Large language models are impressive, but they have a fundamental constraint: they only know what was in their training data, frozen at a point in time. Ask GPT-4 about something that happened last week, or about your company’s internal docs, and it either hallucinates or admits ignorance.
Retrieval-Augmented Generation — RAG — is the standard solution.
The core idea
RAG is two steps:
- Retrieve relevant documents for the user’s query
- Generate a response using those documents as context
Instead of relying on what the model memorized during training, you hand it fresh information at inference time. The model becomes a reasoning engine over your data, not a knowledge store.
Step 1: Indexing
Before you can retrieve anything, you need to index your documents. This happens offline.

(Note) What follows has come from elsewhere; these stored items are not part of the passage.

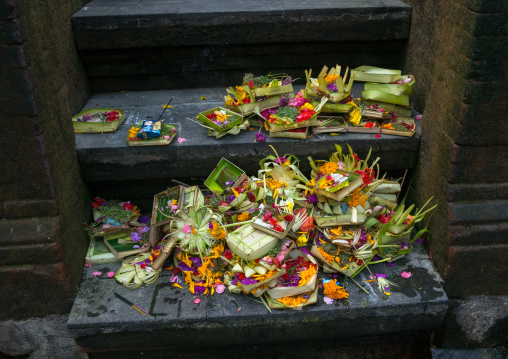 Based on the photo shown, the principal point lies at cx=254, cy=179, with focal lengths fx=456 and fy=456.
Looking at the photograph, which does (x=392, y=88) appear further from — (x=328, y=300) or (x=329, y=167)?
(x=328, y=300)

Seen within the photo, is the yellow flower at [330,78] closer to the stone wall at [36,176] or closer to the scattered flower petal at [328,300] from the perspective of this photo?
the scattered flower petal at [328,300]

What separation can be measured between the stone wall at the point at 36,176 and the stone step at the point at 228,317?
30cm

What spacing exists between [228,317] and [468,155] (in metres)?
1.85

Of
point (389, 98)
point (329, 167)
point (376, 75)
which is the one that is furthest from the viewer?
point (376, 75)

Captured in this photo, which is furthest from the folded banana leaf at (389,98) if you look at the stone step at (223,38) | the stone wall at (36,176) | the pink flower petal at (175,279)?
the stone wall at (36,176)

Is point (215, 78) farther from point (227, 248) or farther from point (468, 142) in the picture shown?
point (468, 142)

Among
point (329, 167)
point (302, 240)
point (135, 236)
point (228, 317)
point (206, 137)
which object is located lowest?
point (228, 317)

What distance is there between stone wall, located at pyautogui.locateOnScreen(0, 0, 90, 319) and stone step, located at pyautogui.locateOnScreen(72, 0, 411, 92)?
100 cm

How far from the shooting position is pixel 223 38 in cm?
411

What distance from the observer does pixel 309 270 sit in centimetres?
299

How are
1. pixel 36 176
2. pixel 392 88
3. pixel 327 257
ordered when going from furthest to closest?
1. pixel 392 88
2. pixel 327 257
3. pixel 36 176

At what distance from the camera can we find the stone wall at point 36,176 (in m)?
2.54

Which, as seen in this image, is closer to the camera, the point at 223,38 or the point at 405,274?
the point at 405,274

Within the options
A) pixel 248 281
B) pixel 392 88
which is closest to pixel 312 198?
pixel 248 281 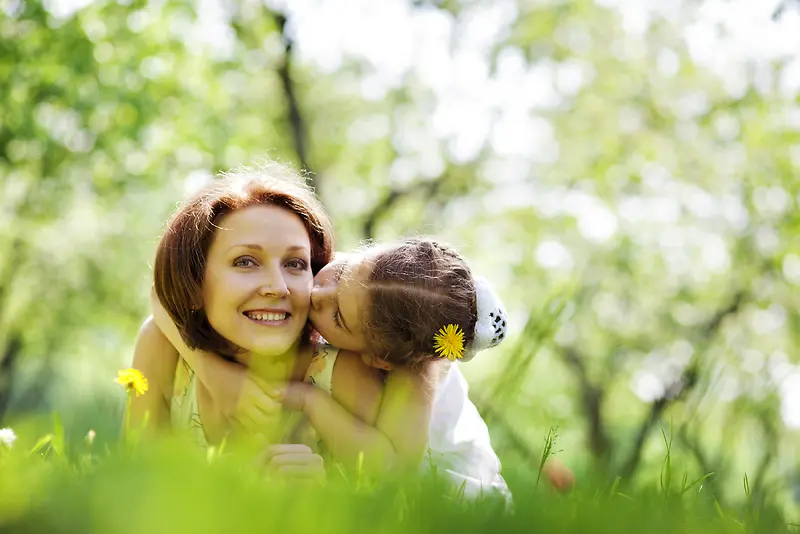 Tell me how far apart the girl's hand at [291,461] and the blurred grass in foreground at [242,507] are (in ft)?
2.35

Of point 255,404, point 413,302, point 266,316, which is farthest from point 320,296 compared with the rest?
point 255,404

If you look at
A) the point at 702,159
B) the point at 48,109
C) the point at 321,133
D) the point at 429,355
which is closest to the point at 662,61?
the point at 702,159

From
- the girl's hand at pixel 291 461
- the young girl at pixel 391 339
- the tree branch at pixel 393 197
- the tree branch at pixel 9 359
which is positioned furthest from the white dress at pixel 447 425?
the tree branch at pixel 9 359

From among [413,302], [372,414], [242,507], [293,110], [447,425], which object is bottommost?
[293,110]

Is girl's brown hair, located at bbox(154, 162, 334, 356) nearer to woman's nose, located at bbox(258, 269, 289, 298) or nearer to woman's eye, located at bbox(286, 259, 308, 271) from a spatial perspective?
woman's eye, located at bbox(286, 259, 308, 271)

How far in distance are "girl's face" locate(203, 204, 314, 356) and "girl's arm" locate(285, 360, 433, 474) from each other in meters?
0.20

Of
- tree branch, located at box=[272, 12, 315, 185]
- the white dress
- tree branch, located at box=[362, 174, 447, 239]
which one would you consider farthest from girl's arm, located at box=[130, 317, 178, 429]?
tree branch, located at box=[362, 174, 447, 239]

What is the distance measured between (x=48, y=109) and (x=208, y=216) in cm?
969

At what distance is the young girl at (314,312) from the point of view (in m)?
2.54

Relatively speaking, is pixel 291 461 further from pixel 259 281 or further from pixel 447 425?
pixel 447 425

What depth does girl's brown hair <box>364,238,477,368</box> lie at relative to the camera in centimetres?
259

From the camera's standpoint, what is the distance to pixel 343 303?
2.61 metres

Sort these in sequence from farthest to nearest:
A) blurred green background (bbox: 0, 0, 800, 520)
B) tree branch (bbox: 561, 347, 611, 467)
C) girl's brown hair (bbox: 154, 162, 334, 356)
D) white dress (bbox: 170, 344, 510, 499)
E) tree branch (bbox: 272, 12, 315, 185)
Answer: tree branch (bbox: 561, 347, 611, 467) < tree branch (bbox: 272, 12, 315, 185) < blurred green background (bbox: 0, 0, 800, 520) < white dress (bbox: 170, 344, 510, 499) < girl's brown hair (bbox: 154, 162, 334, 356)

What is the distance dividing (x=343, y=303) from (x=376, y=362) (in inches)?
9.0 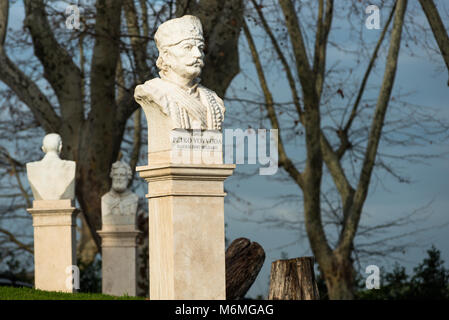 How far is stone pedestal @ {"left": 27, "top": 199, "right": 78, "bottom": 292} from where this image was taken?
12.0 m

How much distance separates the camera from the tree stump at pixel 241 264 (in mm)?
9641

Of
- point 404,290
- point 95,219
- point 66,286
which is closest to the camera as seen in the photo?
point 66,286

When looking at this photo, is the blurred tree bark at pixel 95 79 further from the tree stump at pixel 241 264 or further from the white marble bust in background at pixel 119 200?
the tree stump at pixel 241 264

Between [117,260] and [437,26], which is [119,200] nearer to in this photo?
[117,260]

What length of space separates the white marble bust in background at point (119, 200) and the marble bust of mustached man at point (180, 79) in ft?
20.7

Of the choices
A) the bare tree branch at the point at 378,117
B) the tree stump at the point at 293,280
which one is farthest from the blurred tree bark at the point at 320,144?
the tree stump at the point at 293,280

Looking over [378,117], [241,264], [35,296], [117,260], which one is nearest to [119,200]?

Each document (or chunk of a document) gets converted into a vector — a list of numbers that encodes its semantic meaning. This is done by an embedding model, a neural net trained to map text into a high-dimensional space where similar meanings land close together.
"The cat sat on the mat." → [0.12, -0.84, 0.33, ...]
"A feline rested on a rug." → [0.11, -0.81, 0.35, ...] # close!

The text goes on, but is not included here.